I recently read an article about learning a foreign language. The author claims to have become fluent in French in five months and Russian in 10 through a process of mentally tying words to images. He cites research that shows our visual memory is “extraordinary” and by capitalizing on that, we can learn new words and actually remember them with great accuracy.
Instead of repeating “gato…cat” to learn the feline word in Italian, he suggests that you connect the word to an image of a cat; preferably an actual cat that you know. Those associations penetrate our memory and help us to learn new languages much more easily than through memorization of rote grammar.
I believe the same idea is true when trying to help people grasp new concepts. Instead of talking about the theory of enrollment management, I can make my point instantly understood through the visual of a three-legged stool. I have a wooden block that distinctively demonstrates what we are trying to achieve in our student mix and a saltshaker that illustrates a supervisory style. In my office I have visual aids such as Wile E. Coyote (like creativity and focus), ruby slippers (empowerment) and a spider (making connections).

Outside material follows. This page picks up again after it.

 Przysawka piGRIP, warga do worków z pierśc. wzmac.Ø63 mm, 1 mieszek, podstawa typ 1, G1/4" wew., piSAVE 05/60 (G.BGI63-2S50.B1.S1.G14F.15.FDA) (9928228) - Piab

I use analogies all of the time: applications are like bananas, ideas are like dots, goal setting or vision is like Indianapolis, transitions are like a rubber band, a marble jar is like credibility, etc. I think they help get the point across more quickly than an elaborate explanation and it serves to make the point memorable.
Think about how you can enhance your visual connections — not just through words on a power point, but by analogies and images that are as sticky as a spilled jar of honey.